On a big, blustery, blue-sky day last Thursday - 11 full days before the Phillies' season opener - Aramark, Citizens Bank Park's exclusive concessionaire, was putting on quite a spread.
You didn't have to engage your peripheral vision to take in rosy medallions of beef tenderloin, skillets of "true" (though hardly jumbo-lump) Maryland crab cakes, smoked brisket sandwiches primly quartered for sampling, and a new Planet Hoagie offering - hoagies sans their carby rolls.
Fans can now order any hoagie, basically, as a salad. Italian hoagie? Italian salad!
That was just the beginning of the culinary inspirations Aramark was rolling out. I was thinking I might spend the season contentedly grazing, looking up at the action only when cued by a particularly lusty roar of the crowd.
Then I remembered. This wasn't the stuff - or most of it wasn't - that you get in the cheap-seats sections. (In the "Premium Suites," executive chef Glenn Richmond was promising organic chicken and local Jersey corn. Oops, I haven't been invited.)
The preview buffet was laid out before the TV cameras and the assembled media at the posh Diamond Club Patio, the particular seats that descend therefrom about as good it gets; and at $6,175 the season (plus food), double your average non-club seats.
They fan up from home plate, between the two dugouts.

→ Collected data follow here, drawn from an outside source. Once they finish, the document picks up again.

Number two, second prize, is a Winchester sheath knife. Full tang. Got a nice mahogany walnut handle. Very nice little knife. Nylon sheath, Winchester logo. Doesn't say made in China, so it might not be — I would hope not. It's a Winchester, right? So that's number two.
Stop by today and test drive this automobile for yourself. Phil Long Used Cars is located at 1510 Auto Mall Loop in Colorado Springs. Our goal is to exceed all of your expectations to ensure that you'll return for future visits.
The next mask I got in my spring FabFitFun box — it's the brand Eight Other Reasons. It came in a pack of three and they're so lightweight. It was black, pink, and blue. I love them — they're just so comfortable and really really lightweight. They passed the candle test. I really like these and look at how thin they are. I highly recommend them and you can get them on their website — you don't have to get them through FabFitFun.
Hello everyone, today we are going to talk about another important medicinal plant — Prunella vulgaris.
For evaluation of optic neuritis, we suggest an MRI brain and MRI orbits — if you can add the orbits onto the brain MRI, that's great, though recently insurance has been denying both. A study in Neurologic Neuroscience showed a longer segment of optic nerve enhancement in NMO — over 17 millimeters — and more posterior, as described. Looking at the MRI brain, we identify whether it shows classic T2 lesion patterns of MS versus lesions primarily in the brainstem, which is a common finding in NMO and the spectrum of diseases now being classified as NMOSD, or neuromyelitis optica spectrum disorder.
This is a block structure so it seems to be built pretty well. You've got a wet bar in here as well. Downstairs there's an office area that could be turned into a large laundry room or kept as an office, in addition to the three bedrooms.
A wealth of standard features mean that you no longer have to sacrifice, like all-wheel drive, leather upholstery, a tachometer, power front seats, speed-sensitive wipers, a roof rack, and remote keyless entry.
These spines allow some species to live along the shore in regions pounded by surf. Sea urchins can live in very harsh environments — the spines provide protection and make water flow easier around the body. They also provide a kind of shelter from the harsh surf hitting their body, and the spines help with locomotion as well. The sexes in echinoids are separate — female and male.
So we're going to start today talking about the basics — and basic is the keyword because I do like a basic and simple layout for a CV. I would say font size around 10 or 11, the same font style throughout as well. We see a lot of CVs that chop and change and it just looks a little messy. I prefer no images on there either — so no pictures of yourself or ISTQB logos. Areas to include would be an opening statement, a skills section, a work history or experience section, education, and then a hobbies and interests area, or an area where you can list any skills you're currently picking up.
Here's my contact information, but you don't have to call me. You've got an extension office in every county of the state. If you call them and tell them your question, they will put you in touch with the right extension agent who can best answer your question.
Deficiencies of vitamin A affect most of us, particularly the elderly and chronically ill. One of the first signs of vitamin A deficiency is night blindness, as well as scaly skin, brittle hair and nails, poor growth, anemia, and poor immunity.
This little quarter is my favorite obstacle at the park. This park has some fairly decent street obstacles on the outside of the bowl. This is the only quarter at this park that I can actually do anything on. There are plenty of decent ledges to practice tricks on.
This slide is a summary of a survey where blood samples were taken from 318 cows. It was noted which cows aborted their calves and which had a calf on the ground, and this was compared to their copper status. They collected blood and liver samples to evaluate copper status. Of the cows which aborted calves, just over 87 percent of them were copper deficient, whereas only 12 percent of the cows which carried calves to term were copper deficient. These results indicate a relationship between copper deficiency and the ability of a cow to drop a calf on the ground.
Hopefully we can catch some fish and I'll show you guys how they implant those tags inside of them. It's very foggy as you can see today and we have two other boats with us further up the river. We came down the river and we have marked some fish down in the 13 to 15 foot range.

And if you stepped out the door last week, the snap of the flag across the empty, green field and the cottony puff of the clouds above made you palpably hungry, but not for tenderloin so much as for the ump to yell, "Play ball."
It is the 100th anniversary of the debut of "Take Me Out to the Ball Game." So ballpark staffers were recruited to sing a verse with the surprise - to them - assist of Greg "The Bull" Luzinski and Mitch "Wild Thing" Williams, who were on hand to pitch, respectively, their bottled barbecue sauce (decent enough) and salsa (kind of watery).
When they got to "buy me some peanuts and Cracker Jacks," it was pretty clear how much ballpark fare had changed. At the buffet, the single tray of grilled hot dogs was squeezed between dessert towers, and an assortment of pizza pies (kind of insipid).
Actually, hot dogs are still the biggest seller at the stadium. And, all right, they're not exactly a novelty. But may I suggest, frankly: Just because they aren't big with the Diamond Club swells is no reason to waterboard them in those hideous foil shrouds after, say, the third inning.
To give it its due, Aramark is giving some things the old college try. Dessert portions have been dialed down. There's the local corn thing. And building on its award last year from PETA (yes, that's People for the Ethical Treatment of Animals) as the "Most Vegetarian-Friendly Ballpark in North America," the concessionaire has fattened up its meatless menu.
This season even the blokes (or more likely their girlfriends) in the cheap seats won't be limited to last year's "mock steak" sandwich, veggie dogs and Gardenburgers; they'll have the new options of a wheat-gluten "chicken cheesesteak," or a crab-free crab cake just as themeless and weird as its contradictory name.
Why there aren't more actual vegetables at the league-leading vegetarian-friendly ballpark might be a question better left for another day.